• [TASK DESCRIPTION] Note on the material below: return exactly the lines from the line that holds "Chanel Handbag - Almora Bags" through the line that holds "Mill Valley Traditional", and leave out each picture.
SOURCE DATA START
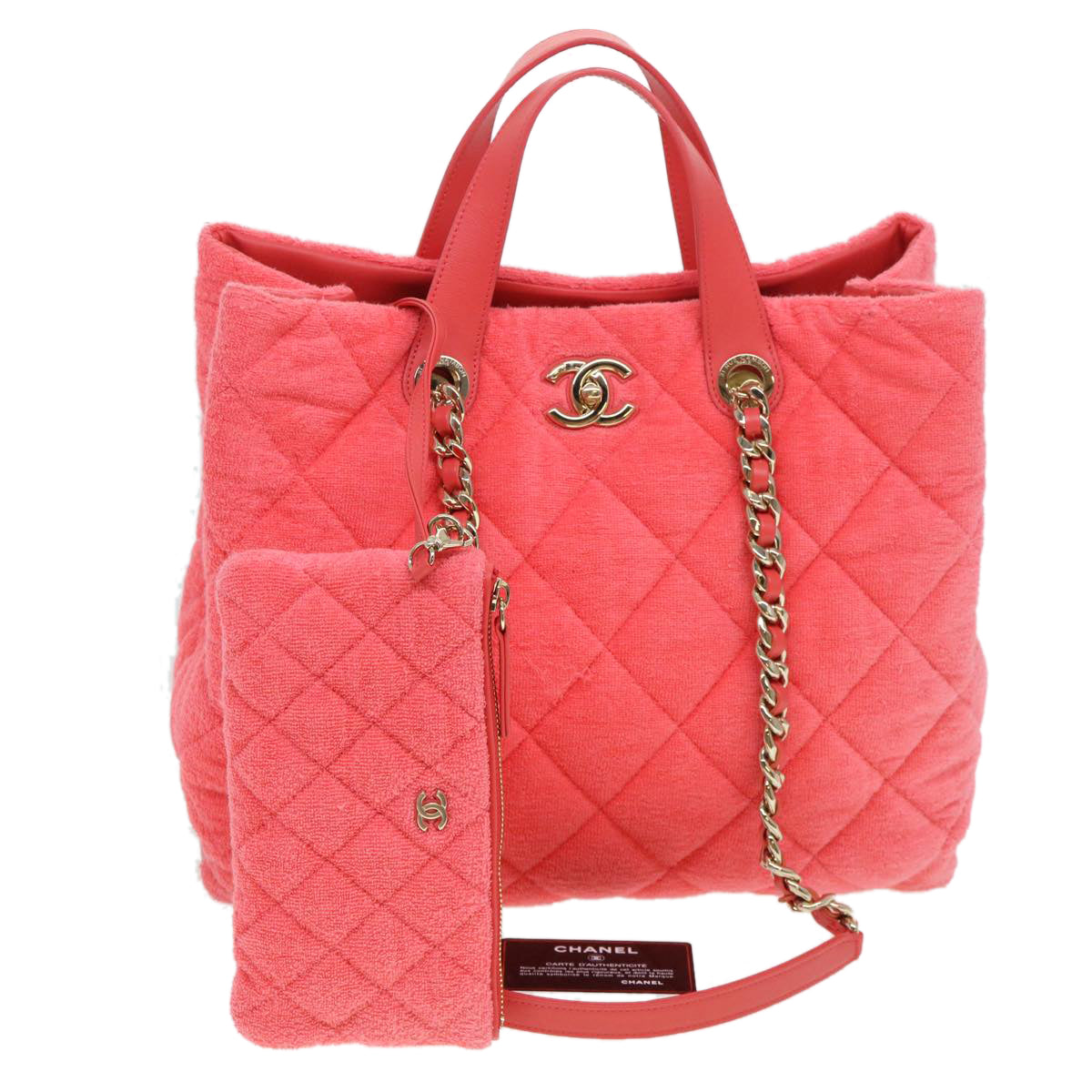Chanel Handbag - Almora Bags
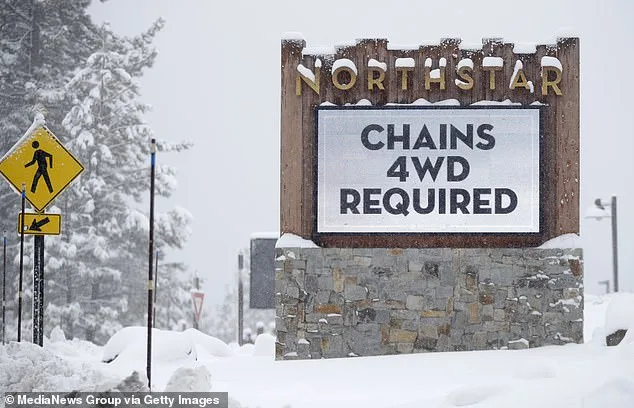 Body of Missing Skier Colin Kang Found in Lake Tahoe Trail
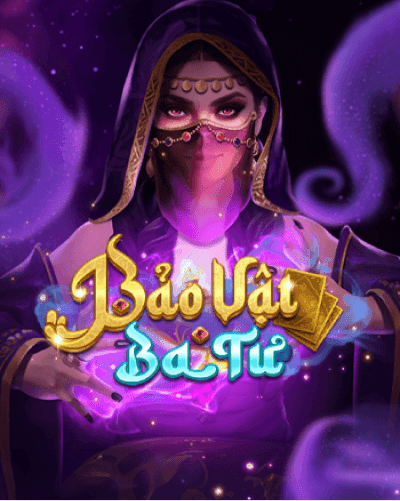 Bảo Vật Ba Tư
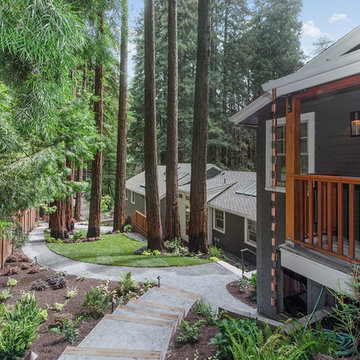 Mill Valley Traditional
SOURCE DATA END
SOURCE DATA START
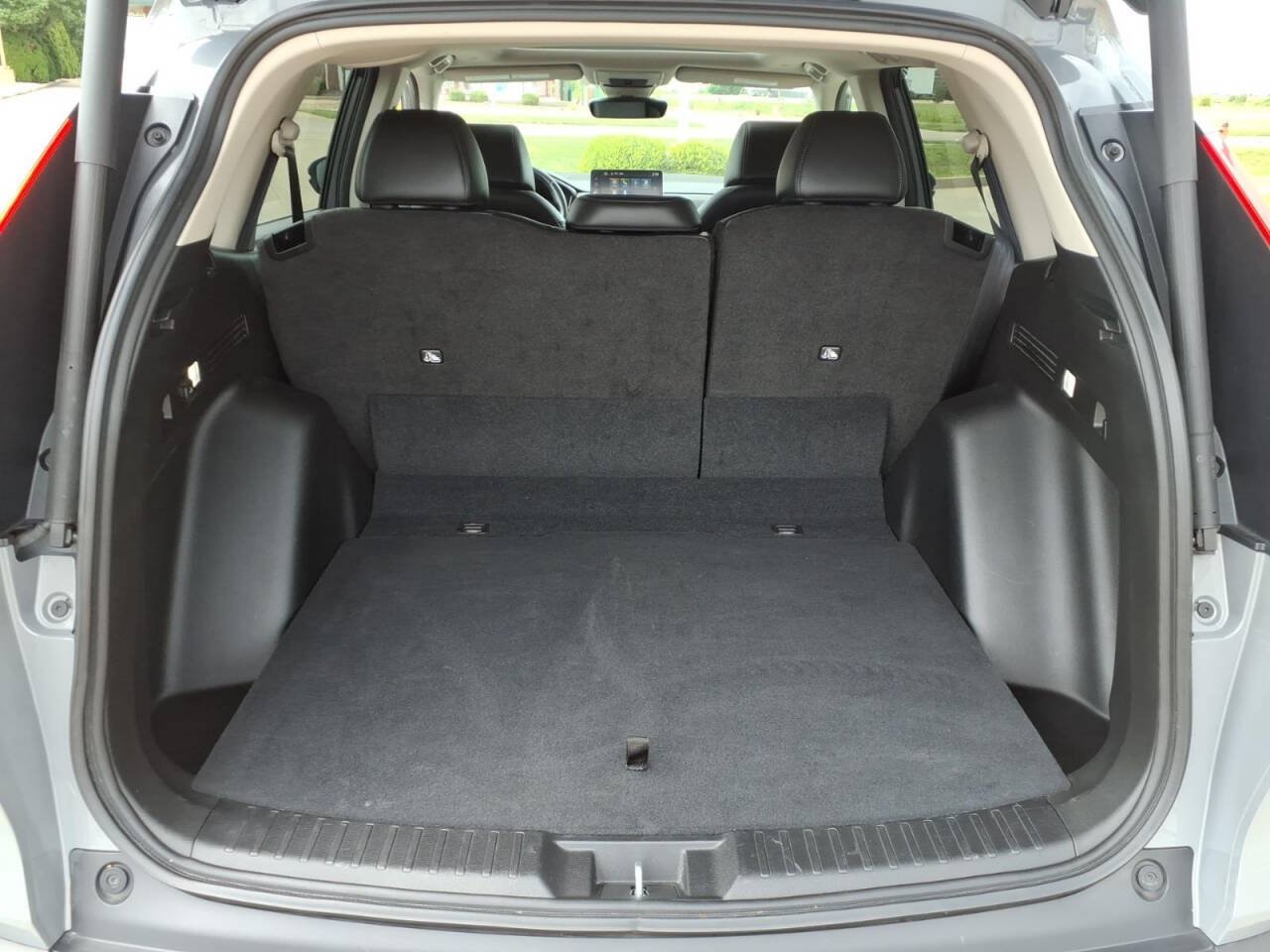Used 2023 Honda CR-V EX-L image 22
SOURCE DATA END
• [RESPONSE AREA]
Chanel Handbag - Almora Bags
 Body of Missing Skier Colin Kang Found in Lake Tahoe Trail
 Bảo Vật Ba Tư
 Mill Valley Traditional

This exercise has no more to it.